2680. — À M. G.-C. WALTHER.
Colmar, 13 janvier 1754.

J’ai reçu ce matin votre lettre du 23 décembre, avec le paquet de la prétendue Histoire universelle, imprimée chez Jean Néaulme, à la Haye. Il prétend avoir acheté ce manuscrit cinquante louis d’or d’un domestique de monseigneur le prince Charles de Lorraine. C’est un ancien manuscrit très-imparfait que j’avais pris la liberté de donner au roi de Prusse sur la fin de 1739, dans le temps qu’il était prince royal. Cet ouvrage ne méritait pas de lui être offert ; mais comme il s’occupait de toutes les sortes de littérature, et qu’il me prévenait par les plus grandes bontés, je ne balançai pas à lui envoyer cette première esquisse, tout informe qu’elle était. Il me manda depuis qu’il avait perdu ce manuscrit à la bataille de Sohr, dans son équipage, dont les housards autrichiens s’étaient emparés.

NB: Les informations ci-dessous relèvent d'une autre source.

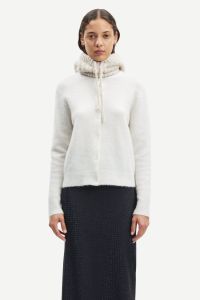 samsoe-and-samsoe-naisten-neuletakki-nor-short-cardigan-7355-luonnonvalkoinen-1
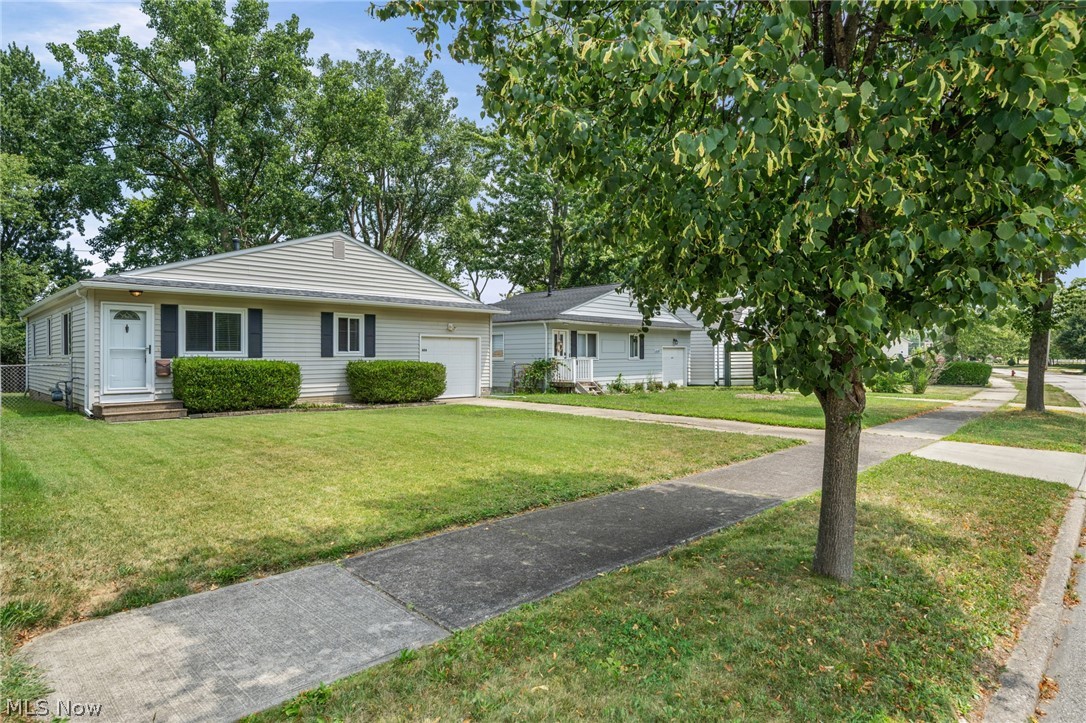 654 Wesley Drive Property Photo 2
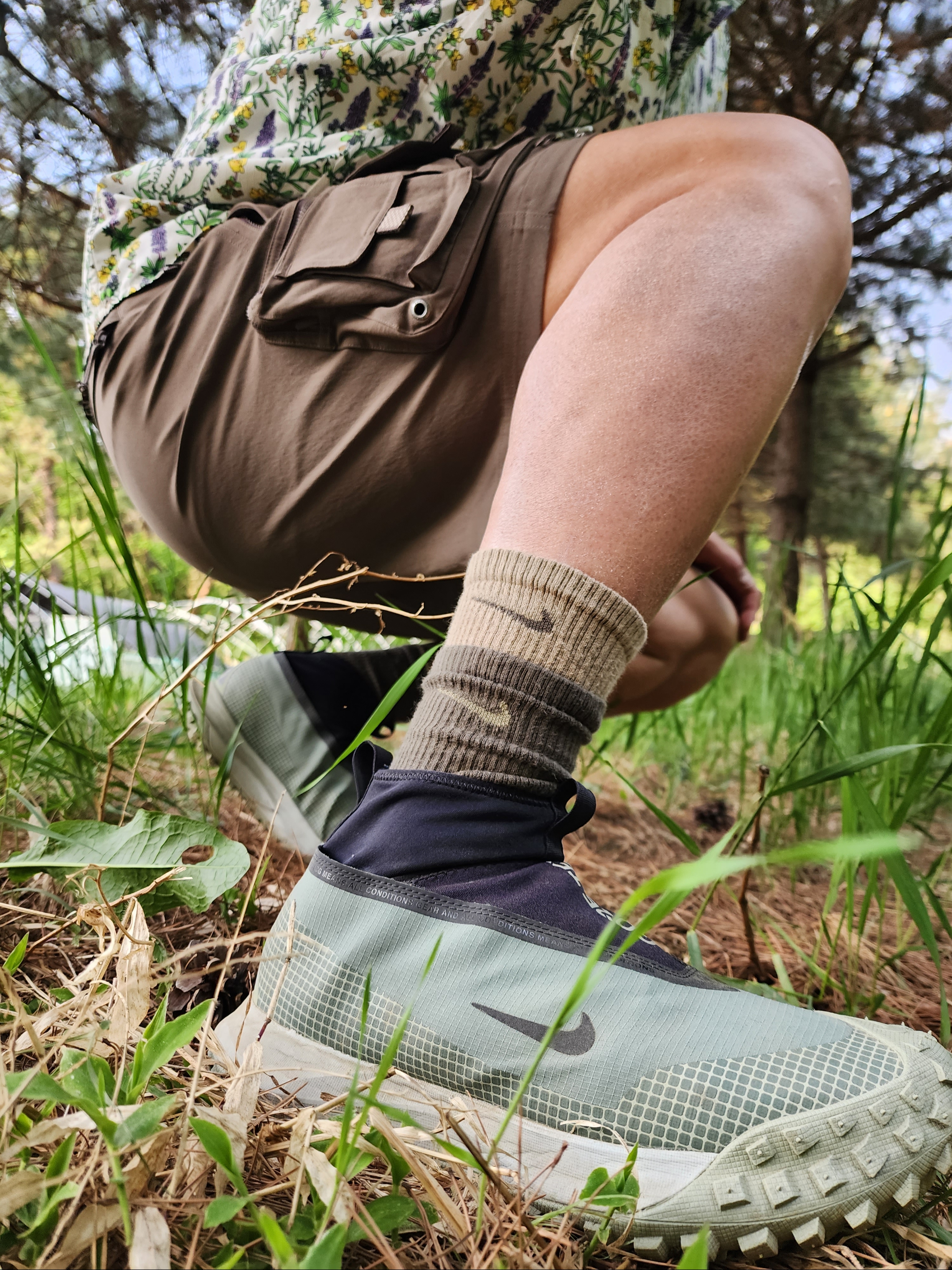 Nike ACG Devastation Trail Work Shirt Black - Asia, Nike ACG Cargo Shorts Ironstone - Asia 착용 스타일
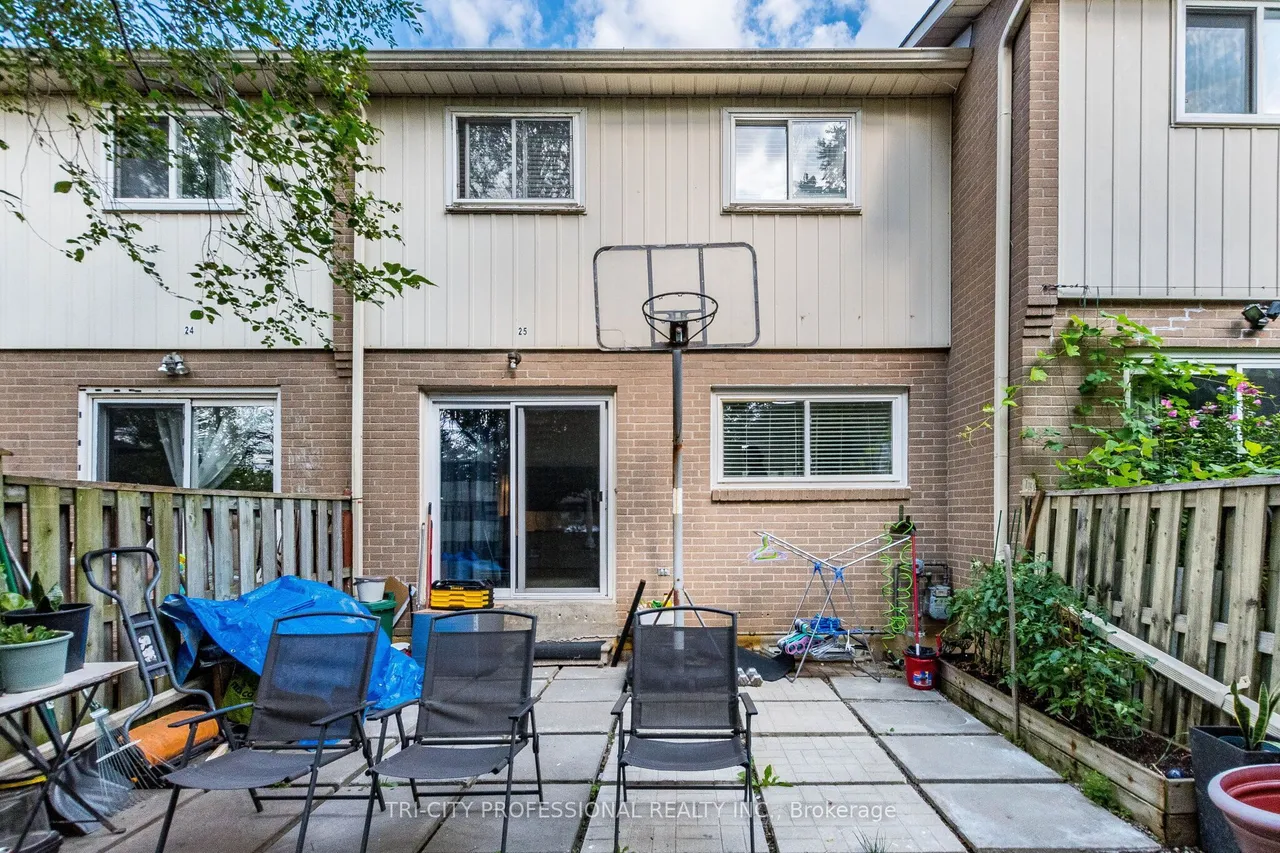 25 Craigleigh Crescent — photo 48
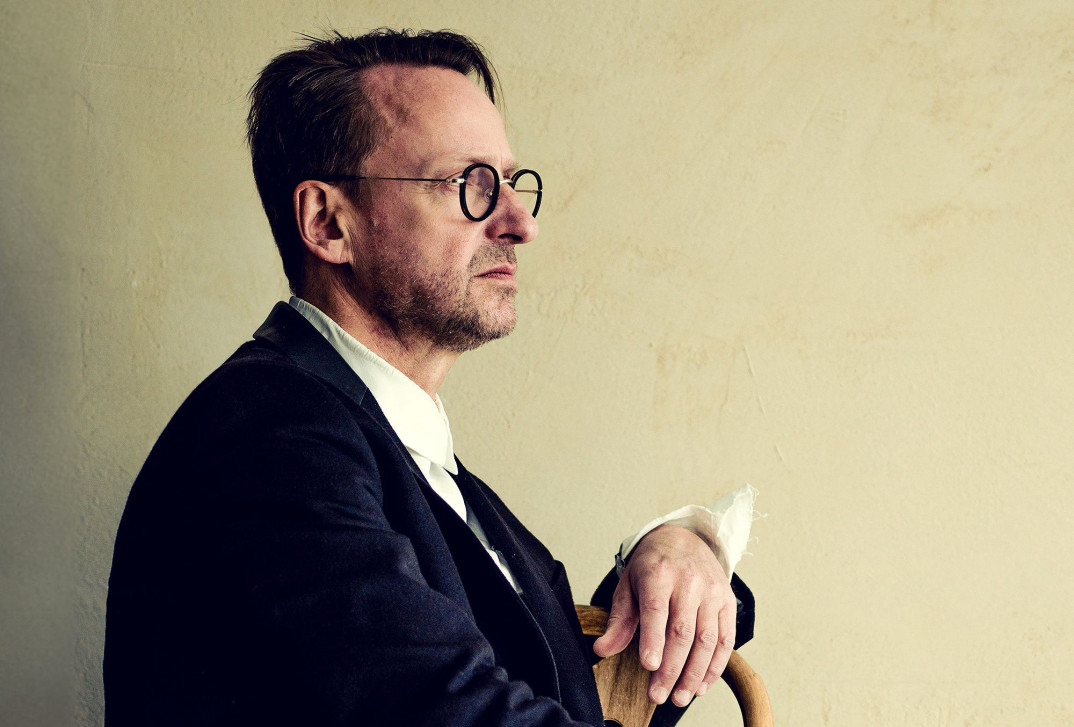 Mateusz Pospieszalski z nowym utworem "Mironczarnia". Niebawem premiera płyty z wierszami Białoszewskiego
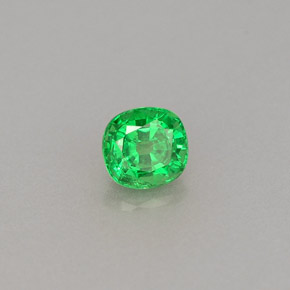 Granada tsavorita verde natural 0,46ct, almofada cortada, VS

C’est ce manuscrit, très-défectueux par lui-même, qui vient de paraître en Hollande, et dont on a fait deux éditions à Paris. Jamais ouvrage n’a été imprimé d’une manière si fautive. Les omissions, les interpolations mal placées, les fautes de calcul, les noms défigurés, les fausses dates, rendent le livre ridicule. Il est de plus intitulé Abrégé de l’Histoire jusqu’à Charles-Quint, et il ne va que jusqu’au roi de France Louis XI. Tous les autres manuscrits, qui sont en grand nombre, sont beaucoup plus amples et très-différents. J’avais absolument abandonné ce grand ouvrage, parce que j’ai perdu depuis longtemps la partie qui était pour moi la plus intéressante : c’est celle des sciences et des arts. Il me faudrait une année entière pour finir cette grande entreprise, et il faudrait que j’eusse le secours d’une grande bibliothèque comme celle de Paris ou de M. le comte de Bruhl. Il me faudrait encore de la santé. Voilà bien des choses qui me manquent. Je ne sais s’il est de votre intérêt de vous charger d’une nouvelle édition de l’Histoire imparfaite de Jean Néaulme, dont le public est inondé ; mais en cas que vous persistiez dans ce dessein, je vais travailler sur-le-champ à un ample errata : peut-être que les objets intéressants qui sont traités dans cet ouvrage, paraissant avec plus de corrections, vous procureront quelque débit.